[Source data]
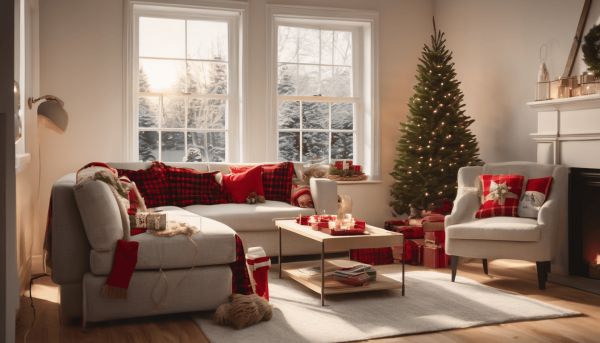 Optimiser la déco Noël dans un petit intérieur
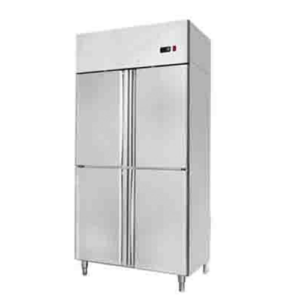 PACIFIC S/Steel GN Range Double Door Freezer (4x 1/2 Doors)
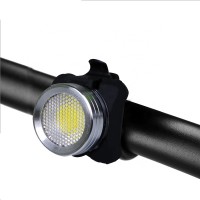 Bicycle Accessory COB LED Silica gel Rechargeable Usb Front Bike Light For Riding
[/Source data]
__Work to complete__. Above is a listing with pictures. Write it out exactly without them.

__Exercise answer__.
 Optimiser la déco Noël dans un petit intérieur
 PACIFIC S/Steel GN Range Double Door Freezer (4x 1/2 Doors)
 Bicycle Accessory COB LED Silica gel Rechargeable Usb Front Bike Light For Riding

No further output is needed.